Find the equations of motion using the Lagrangian: \begin{equation} \frac{d}{dt}\left( \frac{\partial L}{\partial \dot{r}_\textrm{rot}^i} \right) = \frac{\partial L}{\partial r_\textrm{rot}^i} \end{equation}

Here, $i$ implies $x$, $y$, and $z$ in the rotating frame.

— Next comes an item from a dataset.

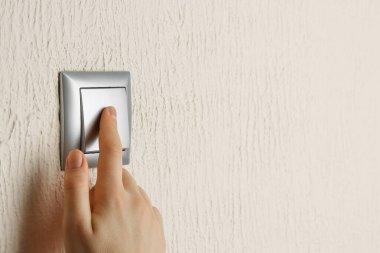 Işığı açan kadın, yakın görüntü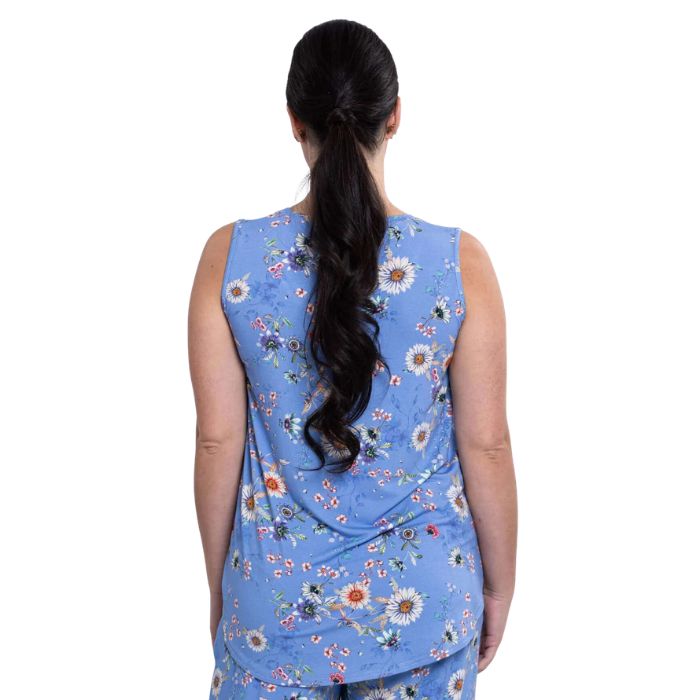 female model wearing peri daisy print jazz tank top back view on white background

\begin{equation} L = \frac{1}{2}m \mathbf{v}_\textrm{rot}^2 + m \mathbf{v}_\textrm{rot} \cdot \left(\boldsymbol \omega \times \mathbf{r} \right) + \frac{1}{2}m \omega^2 r^2 - \frac{1}{2}m \left( \boldsymbol \omega \cdot \mathbf{r} \right)^2 - U(\mathbf{r}) \end{equation}

So, taking the time derivative of $\frac{\partial L}{\partial \dot{r}_\textrm{rot}^i}$: \begin{equation} \frac{d}{dt}\left( \frac{\partial L}{\partial \dot{r}_\textrm{rot}^i} \right) = m \ddot{r}_\textrm{rot}^i + m \left(\boldsymbol{\omega} \times \mathbf{v}_\textrm{rot} \right)^i + m \left( \frac{d \boldsymbol{\omega}}{dt } \times \mathbf{r} \right)^i \end{equation}

For the R.H.S. ($\frac{\partial L}{\partial r_\textrm{rot}^i}$): first rewrite one term as: \begin{equation} m \mathbf{v}_\textrm{rot} \cdot \left( \boldsymbol{\omega} \times \mathbf{r} \right) = m \mathbf{r} \cdot \left(\mathbf{v}_\textrm{rot} \times \boldsymbol{\omega} \right) \end{equation}

Now the Lagrangian is: \begin{equation} L = \frac{1}{2}m \mathbf{v}_\textrm{rot}^2 +m \mathbf{r} \cdot \left(\mathbf{v}_\textrm{rot} \times \boldsymbol{\omega} \right) + \frac{1}{2}m \omega^2 r^2 - \frac{1}{2}m \left( \boldsymbol \omega \cdot \mathbf{r} \right)^2 - U(\mathbf{r}) \end{equation}

\begin{equation} L = \frac{1}{2}m \mathbf{v}_\textrm{rot}^2 +m \mathbf{r} \cdot \left(\mathbf{v}_\textrm{rot} \times \boldsymbol{\omega} \right) + \frac{1}{2}m \omega^2 r^2 - \frac{1}{2}m \left( \boldsymbol \omega \cdot \mathbf{r} \right)^2 - U(\mathbf{r}) \end{equation}

Leads to: \begin{equation} \frac{\partial L }{\partial r_\textrm{rot}^i} = m \left( \mathbf{v}_\textrm{rot} \times \boldsymbol{\omega} \right)_\textrm{rot}^i + m \omega^2 r_\textrm{rot}^i - m \left( \boldsymbol{\omega} \cdot \mathbf{r} \right)\omega^i - \frac{\partial U(\mathbf{r})}{\partial r_\textrm{rot}^i} \end{equation}

Thus our equation of motion in the rotating system is: \begin{equation} m \mathbf{a} = m \omega^2 \mathbf{r}_\textrm{rot} - m \left( \boldsymbol{\omega} \cdot \mathbf{r} \right) \boldsymbol{\omega}_\textrm{rot} - 2 m \left( \boldsymbol{\omega} \times \mathbf{v}_\textrm{rot} \right)_\textrm{rot} - m \left( \frac{d\boldsymbol{\omega}}{dt} \times \mathbf{r} \right)_\textrm{rot} - \nabla_\textrm{rot} U(\mathbf{r}) \end{equation}

Combine the first two terms: \begin{equation} m \omega^2 \mathbf{r}_\textrm{rot} - m \left( \boldsymbol{\omega} \cdot \mathbf{r} \right) \boldsymbol{\omega}_\textrm{rot} = -m \boldsymbol{\omega} \times \left( \boldsymbol{\omega } \times \mathbf{r} \right)_\textrm{rot} \end{equation} (using a vector identity.)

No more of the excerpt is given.